What this task involves:
Copy exactly, no pictures: every line from the one that contains "English Learning Podcast" through the end of the entries below.

Records for this task section start

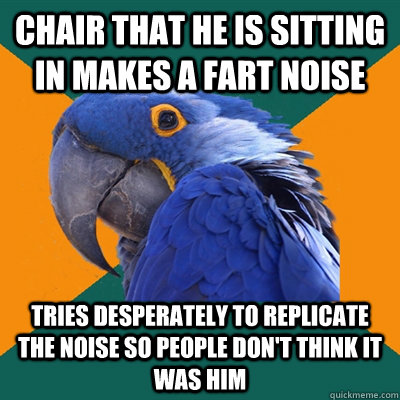Chair that he is sitting in makes a fart noise Tries desperately to replicate the noise so people don't think it was him  Paranoid Parrot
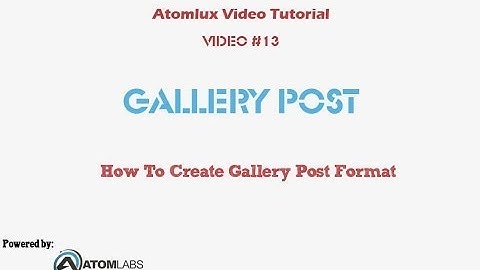 wordpress theme tutorial - Atomlux Video #13 - How to Create Gallery Post Format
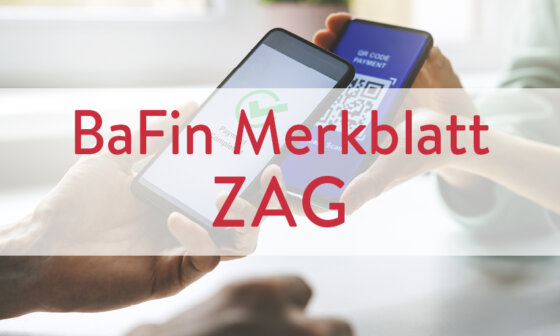 BaFin aktualisiert Merkblatt zum ZAG | Dr. Matthäus Schindele von Annerton | PayTechLaw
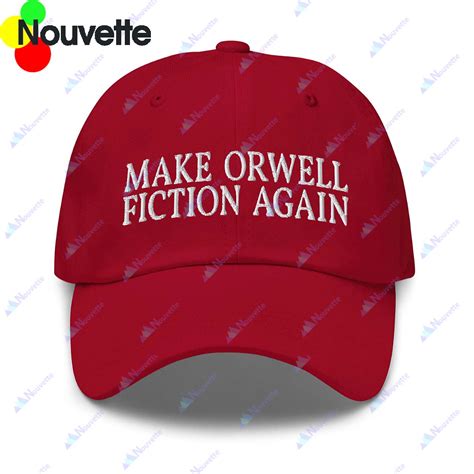 Make Orwell Fiction Again Hat - Nouvette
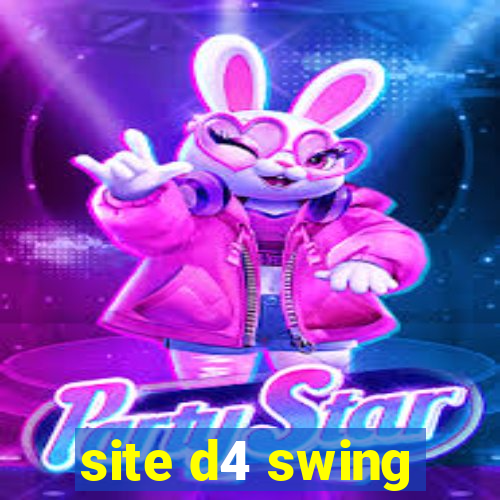 site d4 swing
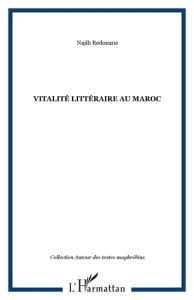Vitalité littéraire au Maroc - Redouane Najib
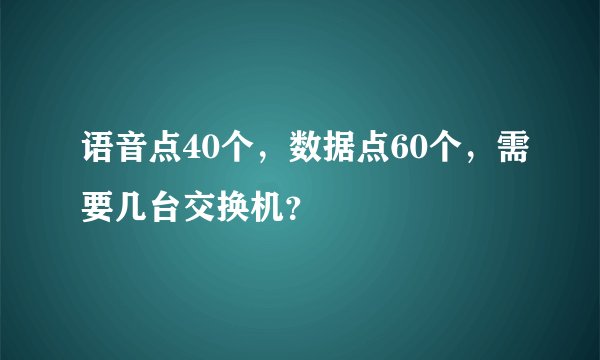 语音点40个，数据点60个，需要几台交换机？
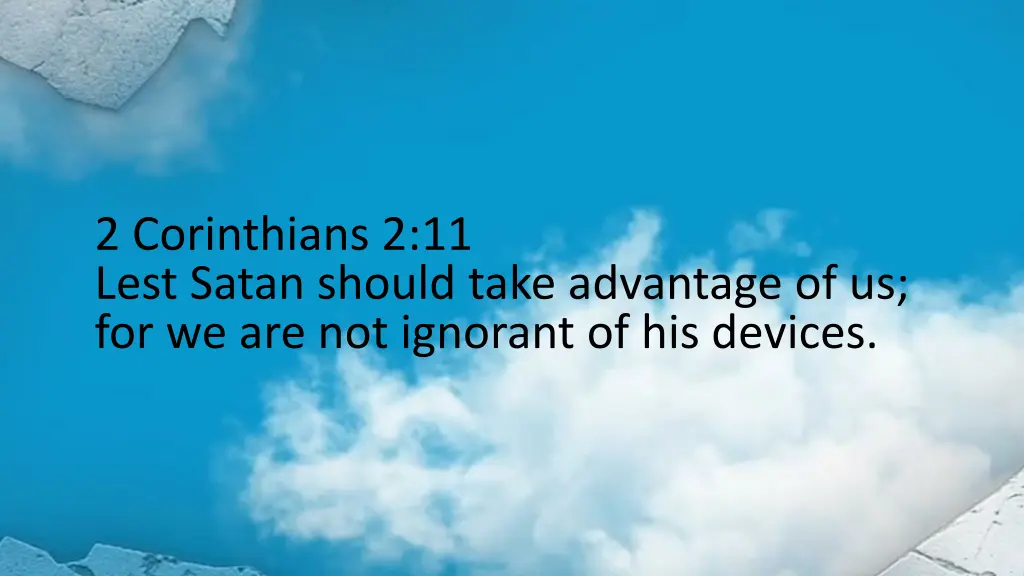 2 corinthians 2 11 lest satan should take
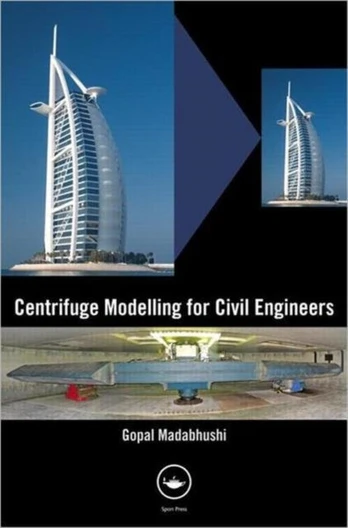 Centrifuge Modelling for Civil Engineers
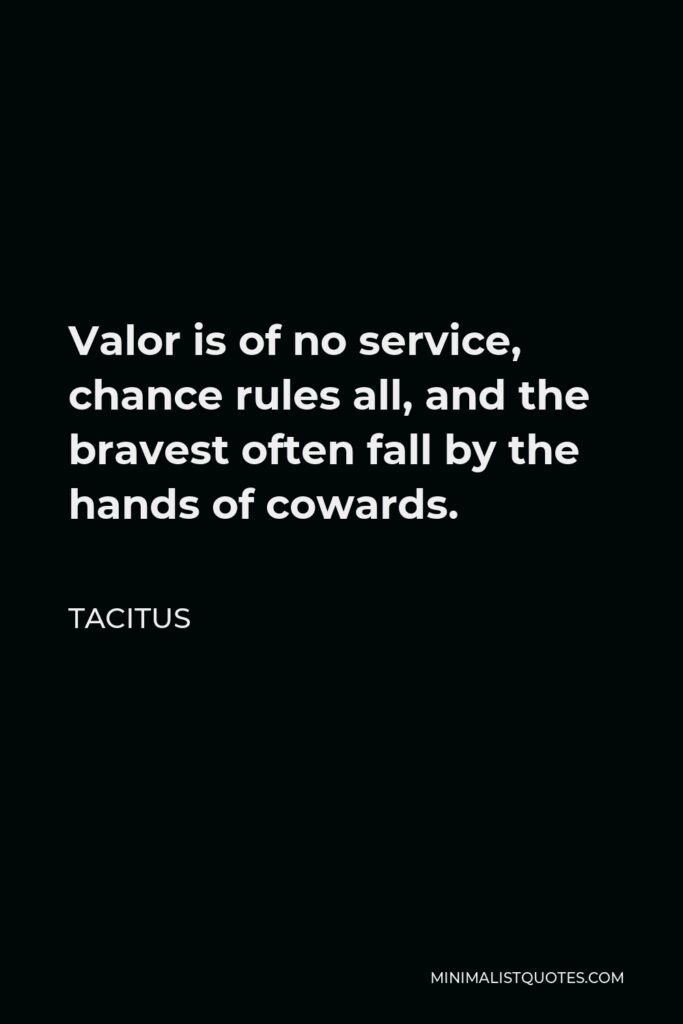 Tacitus Quote - Valor is of no service, chance rules all, and the bravest often fall by the hands of cowards.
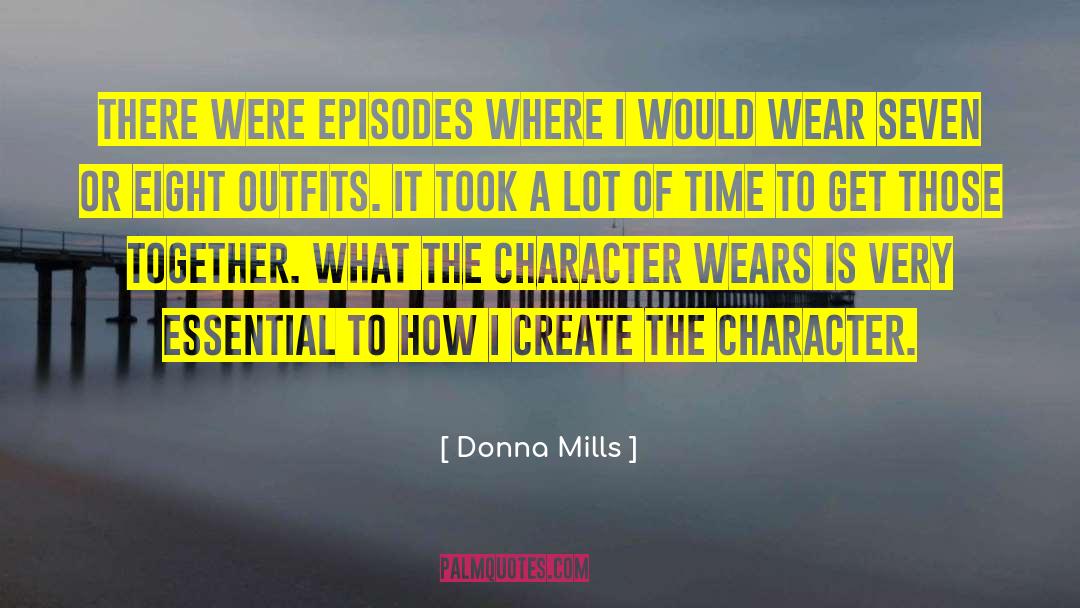 Weakness Of Character quotes by Donna Mills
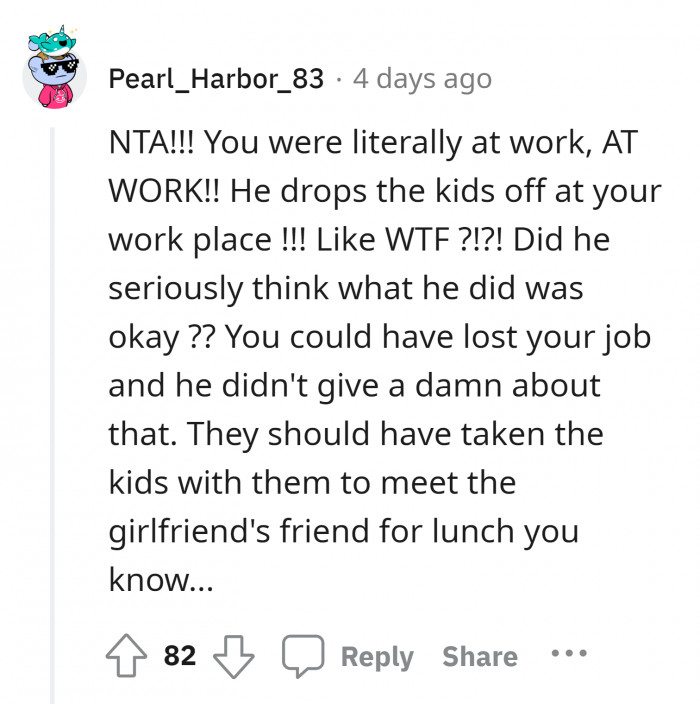 16. Keep your job or babysit your nephews for your brother to socialize and have fun.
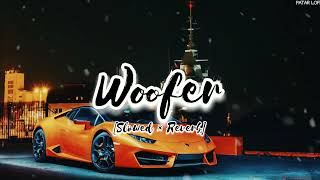 Woofer Slowed And Reverb  Zora Randhawa  Jaggi Jagowal  Dr Zeus  Nargis Fakhri  Patar Lofi [upl. by Haimrej]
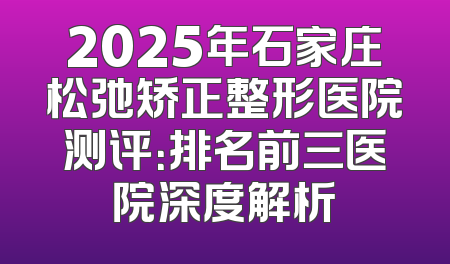 2025年石家庄松弛矫正整形医院测评：排名前三医院深度解析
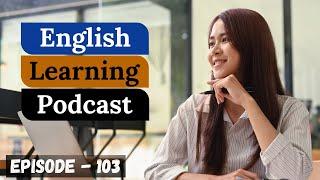 English Learning Podcast Conversation Episode 103 ( Upper-Intermediate Level)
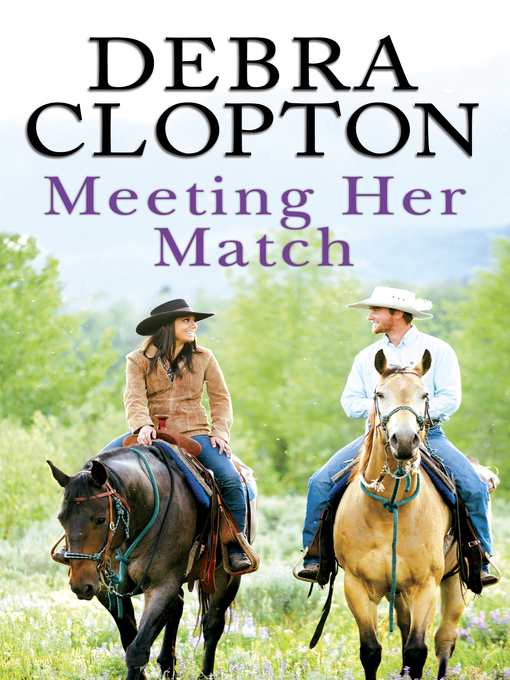 Title details for Meeting Her Match by Debra Clopton - Available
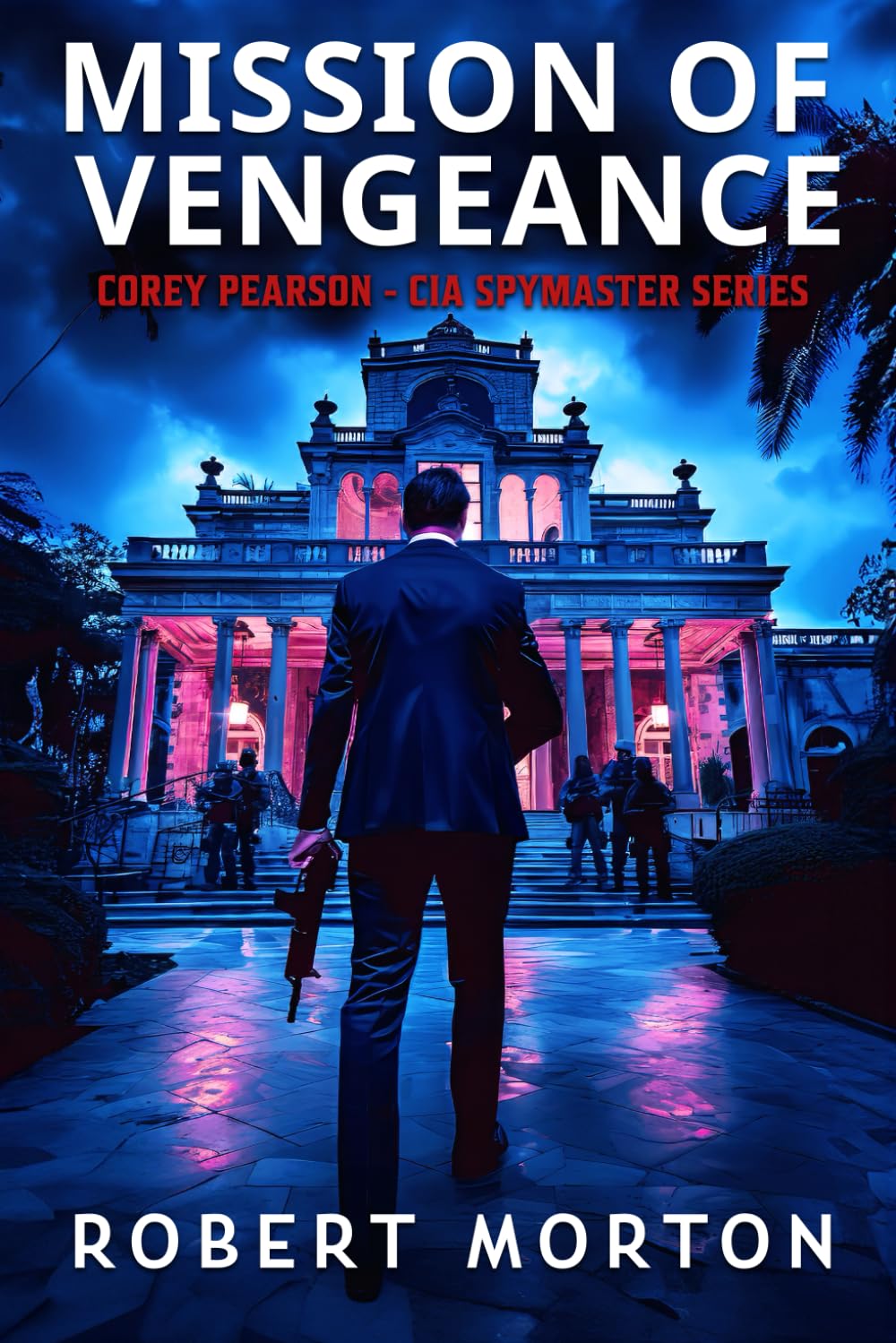 MISSION OF VENGEANCE: COREY PEARSON- CIA SPYMASTER SERIES Action & Adventure
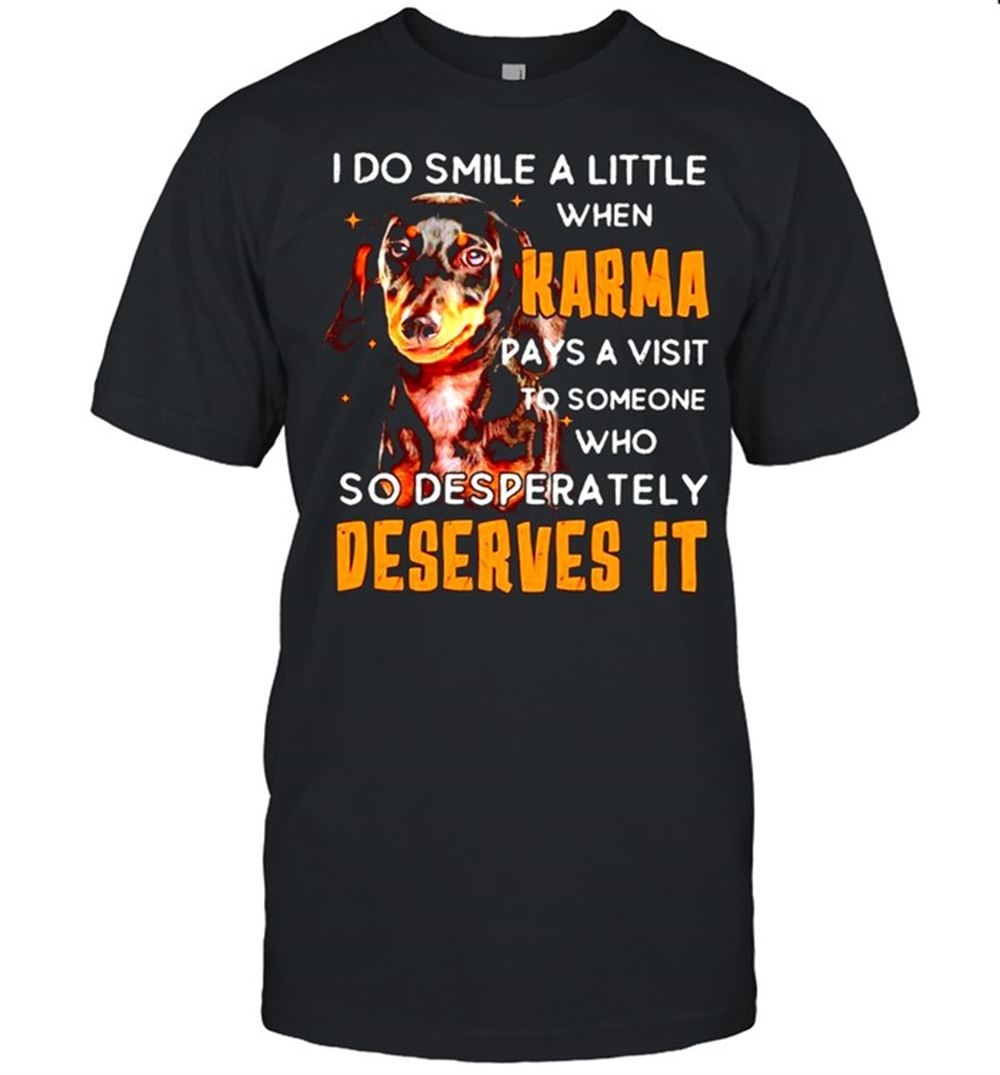 Awesome I Do Smile A Little When Karma Pays A Visit To Someone Shirt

Records for this task section end

Result for this task:
 English Learning Podcast Conversation Episode 103 ( Upper-Intermediate Level)
 Title details for Meeting Her Match by Debra Clopton - Available
 MISSION OF VENGEANCE: COREY PEARSON- CIA SPYMASTER SERIES Action & Adventure
 Awesome I Do Smile A Little When Karma Pays A Visit To Someone Shirt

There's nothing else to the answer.